-- Caption-style text data --
====================

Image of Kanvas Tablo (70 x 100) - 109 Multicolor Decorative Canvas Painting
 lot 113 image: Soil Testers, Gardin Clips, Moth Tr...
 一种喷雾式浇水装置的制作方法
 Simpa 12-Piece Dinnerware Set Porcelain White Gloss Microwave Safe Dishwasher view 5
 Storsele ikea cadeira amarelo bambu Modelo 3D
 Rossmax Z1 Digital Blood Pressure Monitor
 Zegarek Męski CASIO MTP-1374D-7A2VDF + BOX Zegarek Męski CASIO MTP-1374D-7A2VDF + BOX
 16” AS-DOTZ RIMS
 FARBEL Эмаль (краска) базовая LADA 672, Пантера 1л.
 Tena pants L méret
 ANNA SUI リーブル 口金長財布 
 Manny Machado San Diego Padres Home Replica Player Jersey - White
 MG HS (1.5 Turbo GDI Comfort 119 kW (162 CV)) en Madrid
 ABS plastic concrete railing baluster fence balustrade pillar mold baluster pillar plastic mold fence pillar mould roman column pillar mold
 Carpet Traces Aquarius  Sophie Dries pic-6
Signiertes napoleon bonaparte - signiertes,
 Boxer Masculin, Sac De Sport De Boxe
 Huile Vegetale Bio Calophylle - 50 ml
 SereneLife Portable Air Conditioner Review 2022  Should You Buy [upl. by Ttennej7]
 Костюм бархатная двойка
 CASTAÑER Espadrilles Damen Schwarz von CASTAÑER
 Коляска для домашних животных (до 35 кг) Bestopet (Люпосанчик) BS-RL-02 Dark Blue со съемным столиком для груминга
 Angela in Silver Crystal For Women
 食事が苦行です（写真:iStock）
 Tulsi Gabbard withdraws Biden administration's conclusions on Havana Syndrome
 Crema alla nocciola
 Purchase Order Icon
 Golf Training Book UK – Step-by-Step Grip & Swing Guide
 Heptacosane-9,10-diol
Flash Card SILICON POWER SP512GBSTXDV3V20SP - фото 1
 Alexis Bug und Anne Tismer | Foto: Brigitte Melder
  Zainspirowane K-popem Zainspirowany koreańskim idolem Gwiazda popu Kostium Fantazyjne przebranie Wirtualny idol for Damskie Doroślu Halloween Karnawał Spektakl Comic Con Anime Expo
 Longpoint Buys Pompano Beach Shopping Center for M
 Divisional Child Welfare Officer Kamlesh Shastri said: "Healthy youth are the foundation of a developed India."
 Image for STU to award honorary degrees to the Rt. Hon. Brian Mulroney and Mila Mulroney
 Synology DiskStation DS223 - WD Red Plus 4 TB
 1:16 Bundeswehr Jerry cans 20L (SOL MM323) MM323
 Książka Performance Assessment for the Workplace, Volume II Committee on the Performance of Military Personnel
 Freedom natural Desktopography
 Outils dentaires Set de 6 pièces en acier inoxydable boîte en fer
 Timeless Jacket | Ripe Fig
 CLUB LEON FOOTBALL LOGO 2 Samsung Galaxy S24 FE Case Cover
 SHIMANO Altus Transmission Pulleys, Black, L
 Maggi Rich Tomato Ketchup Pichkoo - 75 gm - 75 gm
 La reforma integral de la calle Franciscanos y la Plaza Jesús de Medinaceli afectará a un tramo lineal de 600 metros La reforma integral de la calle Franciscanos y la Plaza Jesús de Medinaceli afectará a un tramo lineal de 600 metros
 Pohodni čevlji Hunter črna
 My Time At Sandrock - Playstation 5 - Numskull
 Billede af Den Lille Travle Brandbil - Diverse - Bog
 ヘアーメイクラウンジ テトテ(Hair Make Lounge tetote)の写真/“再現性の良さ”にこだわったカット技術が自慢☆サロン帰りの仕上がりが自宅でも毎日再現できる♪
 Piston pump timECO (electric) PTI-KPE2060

====================

-- What is required --
From the records above, return each line that includes "White".

-- Output --
 Simpa 12-Piece Dinnerware Set Porcelain White Gloss Microwave Safe Dishwasher view 5
 Manny Machado San Diego Padres Home Replica Player Jersey - White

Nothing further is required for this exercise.